The CMS HCC software generates variables identifying the presence or absence of 189 conditions. For the purposes of these analyses we looked at the 70 most common conditions. Appendix A shows the 70 HCC groups that are used in this analysis.

It is important to note that hierarchies are imposed among related conditions, so that a person is only coded for the most severe manifestation among related diseases. Also, although HCCs reflect hierarchies among related disease categories, for unrelated diseases, HCCs are allowed to accumulate. For example, a beneficiary with heart disease, stroke, and diabetes will have at three separate HCCs coded (and their costs are predicted to reflect the increments for all three diseases). As Pope and colleagues note, the HCC model is more than simply additive because some disease combinations interact. For example, the presence of congestive heart failure (CHF) and chronic obstructive pulmonary disease (COPD) is likely to increase predicted costs by more than the sum of the separate increments for beneficiaries who have CHF or COPD alone.

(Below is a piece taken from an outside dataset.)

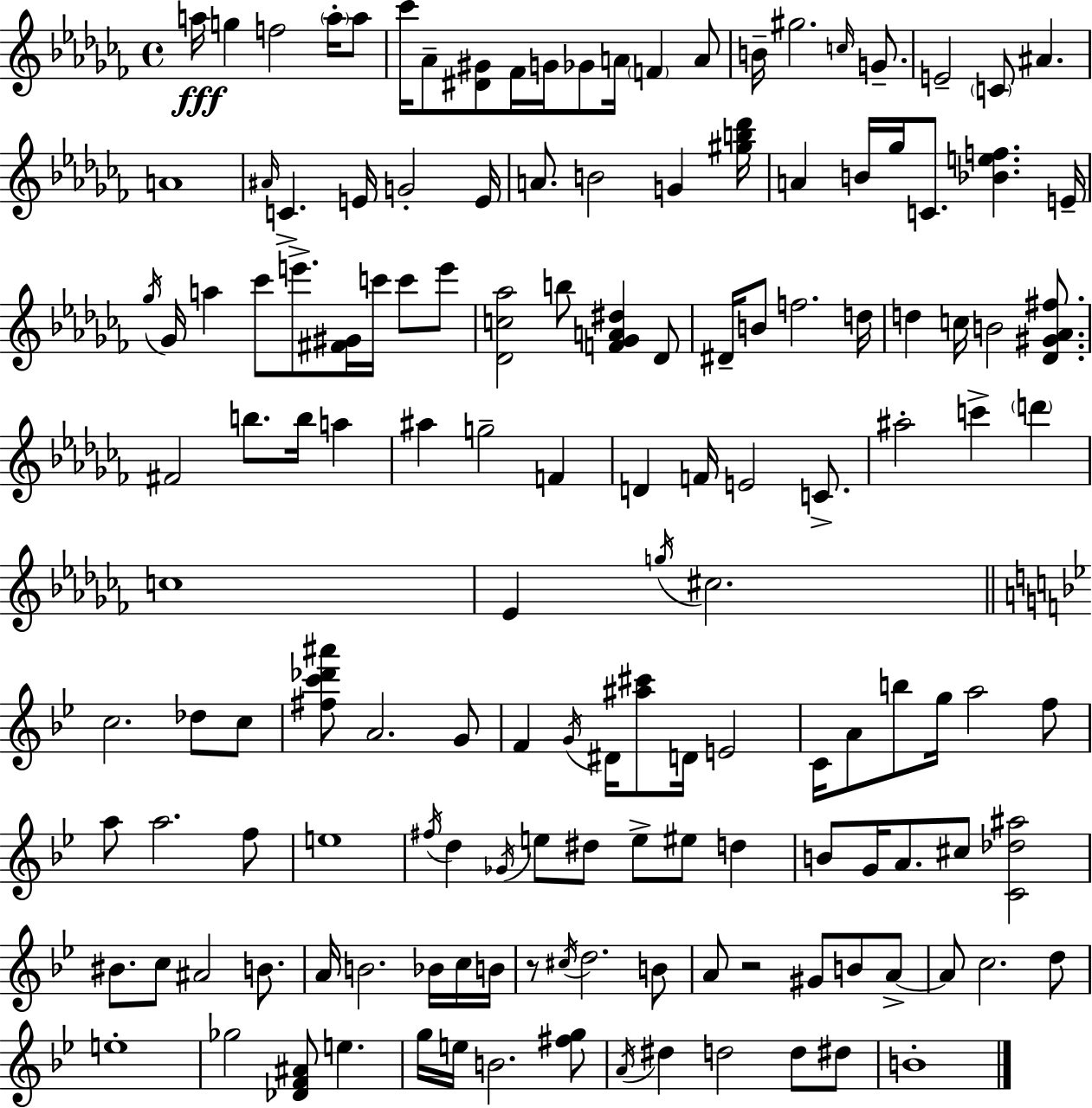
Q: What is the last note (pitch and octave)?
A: B4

In this study we report on the total episode cost by the presence or absence of certain combinations of comorbidities that are often present together within the same individual (COPD and CHF; diabetes and renal failure).

In order to calculate the HCC categories as measures of comorbidity in our sample, we used the available CMS-HCC software originally developed by RTI researchers (reference 18 in Noyes; Pope et al. 2004). The goal in using the HCCs was to learn more about the extent of chronic and comorbid conditions for beneficiaries using PAC and to learn more about how the presence of chronic and comorbid conditions affects the use of services within episodes of care. The HCCs provide a convenient method of collapsing ICD-9 codes into meaningful disease groupings.

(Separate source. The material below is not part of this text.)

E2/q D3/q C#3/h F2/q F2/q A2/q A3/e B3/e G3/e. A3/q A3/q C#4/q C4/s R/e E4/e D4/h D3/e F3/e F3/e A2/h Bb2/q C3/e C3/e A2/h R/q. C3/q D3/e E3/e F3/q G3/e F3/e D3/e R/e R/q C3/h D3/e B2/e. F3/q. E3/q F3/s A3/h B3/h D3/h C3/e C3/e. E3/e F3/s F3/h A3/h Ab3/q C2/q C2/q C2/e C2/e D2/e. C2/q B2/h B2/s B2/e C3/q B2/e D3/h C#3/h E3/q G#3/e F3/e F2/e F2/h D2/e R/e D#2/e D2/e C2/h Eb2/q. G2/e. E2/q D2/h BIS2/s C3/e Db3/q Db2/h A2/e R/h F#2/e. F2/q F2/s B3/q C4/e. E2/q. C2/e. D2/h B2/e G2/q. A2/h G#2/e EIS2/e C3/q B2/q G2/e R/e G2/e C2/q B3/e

Though the HCCs are generally based on a year's worth of claims data for the purposes of risk adjustment, in this case, the HCCs are used for their ability to provide meaningful disease groupings for understanding chronic and comorbid conditions. HCCs were constructed by running the acute index admission diagnoses reported on the claims through the CMS HCC software. The program assigns individuals to up to 70 HCC groups based on diagnoses on the claims. We used the diagnosis codes on the index hospital admission claims to calculate the HCC indicators.

We performed two specific analyses using these HCC indicators of comorbidity. First, we examined prevalence and rank order for the 20 most frequent HCCs in our overall PAC sample. We present the prevalence and rank order of these 20 HCCs for the beneficiaries with index acute hospital admissions in five most common DRGs in our sample. These results are presented in Table 3-11. Next, we calculated the number of HCC indicators assigned to each beneficiary and categorized beneficiaries based on this number (i.e., 0, 1, 2, 3, 4, or 5 or more HCCs). We used these categories to examine index acute hospital admission and episode length of stay and payments for the beneficiaries with index acute hospital admissions in the five most common DRGs in our sample. These results are presented in Table 3-12.